Summary of commands#
In this exercise, we will demonstrate the following:
SciPy, specifically the statistics package.
scipy.stats.expon
- Exponential continuous random variable.scipy.stats.chi2
- Chi-squared continuous random variable.
In the previous exercises we leveraged the standardized functions such as rvs()
, pdf()
, cdf()
, etc.
This time, we will be using:
fit()
to fit (estimate) the parameters based on data.ppf()
to calculate the percent point function to help us get quantiles.
Demo#
The time to failure of field-effect transistors (FETs) is known to be exponentially distributed. Data (in hours) has been collected for \(10\) samples. Using the data in the table below, compute the maximum likelihood estimate and the \(95\%\) confidence interval for the mean time to failure.
2540 |
2800 |
2650 |
2550 |
2420 |
2300 |
2580 |
2460 |
2470 |
2490 |
Note: In MATLAB, you can directly call expfit()
and be done in one line of code.
In Python, you’ll have to work for your meal by noting that the confidence interval for an exponential distribution is given by the \(\chi^2\) distribution with \(2N\) degrees of freedom, as written in Wikipedia.

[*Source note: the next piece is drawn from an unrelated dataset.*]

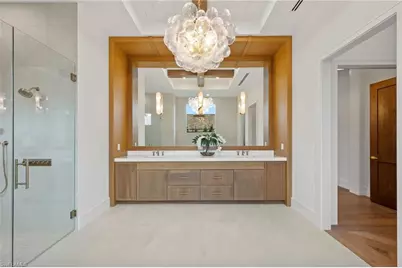 570 Harbour Dr, Naples, FL 34103 - Photo 22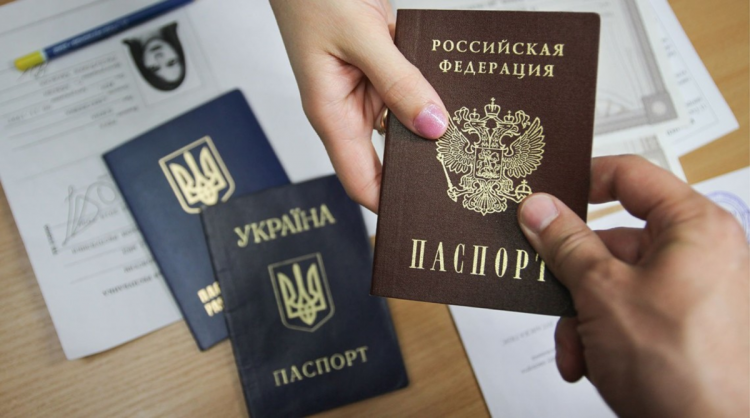 Окупанти шантажують жителів Донбасу, аби змусити їх отримати російські паспорти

If you’re wondering why our code below appears to divide by the “wrong” value in lines 17-18, see this lecture (slide 9) where it shows the more precise connection between \(\chi^2\) and the exponential mean \(\sim 1/\lambda\).
# import packages from SciPy library
from scipy.stats import expon, chi2
import numpy as np
# data
X = np.array([2540, 2800, 2650, 2550, 2420, 2300, 2580, 2460, 2470, 2490])
N = len(X)
alpha = 0.05
# exponential distribution
loc, scale = expon.fit(X, floc=0)
print(f"The MLE for the mean time to failure is {scale:.0f} hours.")
# chi-squared quantiles
lower = chi2.ppf(alpha/2, df=2*N)
upper = chi2.ppf(1 - alpha/2, df=2*N)
lb = 2 * N * scale / upper
ub = 2 * N * scale / lower
print(f"The 95% confidence interval is [{lb:.0f}, {ub:.0f}].")
The MLE for the mean time to failure is 2526 hours.
The 95% confidence interval is [1479, 5268].